In this case, therefore, the only solution to the set of linear equations is the trivial one (all coefficients are zero), which has no physical meaning.

Compare this with the combustion of ethanol considered above:

M = np.array([[2, 0, -1,  0],
              [6, 0,  0, -2],
              [1, 2, -2, -1]
             ])
n = M.shape[1]
r = np.linalg.matrix_rank(M)
print(n - r)
1

Therefore, as we have seen, there should be a (nontrivial) solution to the equations corresponding to the conditions of stoichiometric balance.

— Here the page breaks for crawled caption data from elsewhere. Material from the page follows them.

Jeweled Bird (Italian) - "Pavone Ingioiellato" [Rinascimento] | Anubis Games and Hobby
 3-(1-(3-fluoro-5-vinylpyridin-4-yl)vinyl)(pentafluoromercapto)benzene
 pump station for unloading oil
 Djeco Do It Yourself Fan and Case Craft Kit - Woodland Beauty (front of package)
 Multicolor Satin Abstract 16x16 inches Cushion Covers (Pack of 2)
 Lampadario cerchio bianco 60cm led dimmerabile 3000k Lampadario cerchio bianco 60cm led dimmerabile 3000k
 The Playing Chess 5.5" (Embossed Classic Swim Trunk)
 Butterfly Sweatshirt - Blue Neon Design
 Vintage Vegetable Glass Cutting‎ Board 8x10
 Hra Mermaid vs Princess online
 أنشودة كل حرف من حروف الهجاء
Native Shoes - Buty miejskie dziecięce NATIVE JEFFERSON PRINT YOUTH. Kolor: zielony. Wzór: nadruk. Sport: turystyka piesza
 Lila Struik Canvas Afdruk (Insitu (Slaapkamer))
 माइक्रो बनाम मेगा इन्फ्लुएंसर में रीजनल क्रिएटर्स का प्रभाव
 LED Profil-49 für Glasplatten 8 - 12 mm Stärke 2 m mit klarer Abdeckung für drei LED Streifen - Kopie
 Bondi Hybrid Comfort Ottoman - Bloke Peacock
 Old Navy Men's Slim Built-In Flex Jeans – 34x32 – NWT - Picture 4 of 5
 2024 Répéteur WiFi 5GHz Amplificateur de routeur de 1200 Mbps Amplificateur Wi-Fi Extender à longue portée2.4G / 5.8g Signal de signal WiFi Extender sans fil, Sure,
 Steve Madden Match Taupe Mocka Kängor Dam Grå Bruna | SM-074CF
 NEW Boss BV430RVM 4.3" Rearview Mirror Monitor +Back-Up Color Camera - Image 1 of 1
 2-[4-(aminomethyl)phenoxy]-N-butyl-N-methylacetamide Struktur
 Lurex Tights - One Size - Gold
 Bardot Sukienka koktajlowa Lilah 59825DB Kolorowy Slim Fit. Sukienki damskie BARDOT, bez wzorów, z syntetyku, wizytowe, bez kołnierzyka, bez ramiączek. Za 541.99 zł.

Reactions with no unique balance

At the other extreme, there are reactions with more than one way to balance them. In this case, the nullity of the chemical composition matrix is greater than 1. A famous example is the combustion of gunpowder (a mixture of potassium nitrate, sulfur and charcoal), which follows a complex mechanism but is sometimes written:

$$ a\mathrm{KNO_3} + b\mathrm{S} + c\mathrm{C} \rightarrow d\mathrm{K_2CO_3} + e\mathrm{K_2SO_4} + f\mathrm{CO_2} + g\mathrm{N_2} $$

The composition matrix can be constructed in Python as before:

M = np.array([[1, 0, 0, 2, 2, 0, 0],
              [1, 0, 0, 0, 0, 0, 2],
              [3, 0, 0, 3, 4, 2, 0],
              [0, 1, 0, 0, 1, 0, 0],
              [0, 0, 1, 1, 0, 1, 0]])
n = M.shape[1]
r = np.linalg.matrix_rank(M)
print(n - r)
2

Thus, even after scaling the overall reaction, there is still a remaining degree of freedom (for example, the relative amounts of carbon and sulfur). Choosing a C:S ratio of 3:8 gives one reaction:

# Add rows to M and b corresponding to fixing coefficients b and c.
A = np.vstack([M, [0, 1, 0, 0, 0, 0, 0], [0, 0, 1, 0, 0, 0, 0]])
b = np.array([[0, 0, 0, 0, 0, 3, 8]]).T
np.linalg.solve(A, b)
array([[10.],
       [ 3.],
       [ 8.],
       [-2.],
       [-3.],
       [-6.],
       [-5.]])

That is,

$$ 10\mathrm{KNO_3} + 3\mathrm{S} + 8\mathrm{C} \rightarrow 2\mathrm{K_2CO_3} + 3\mathrm{K_2SO_4} + 6\mathrm{CO_2} + 5\mathrm{N_2}. $$

But, for example, taking the C:S ratio to be 1:2 gives a different balancing:

b = np.array([[0, 0, 0, 0, 0, 1, 2]]).T
np.linalg.solve(A, b)
array([[ 2.8],
       [ 1. ],
       [ 2. ],
       [-0.4],
       [-1. ],
       [-1.6],
       [-1.4]])

Applying a global scaling factor of 5 to ensure the stoichiometric coefficients are integers gives the following balanced reaction:

$$ 14\mathrm{KNO_3} + 5\mathrm{S} + 10\mathrm{C} \rightarrow 2\mathrm{K_2CO_3} + 5\mathrm{K_2SO_4} + 8\mathrm{CO_2} + 7\mathrm{N_2}. $$

This comes about because, in the complex combustion mechanism, the oxidation of carbon and sulfur is nearly independent. But, as already mentioned, the reaction is complex and other products not included here are also possible, for example \(\mathrm{K_2S}\), \(\mathrm{H_2S}\) and \(\mathrm{KSCN}\).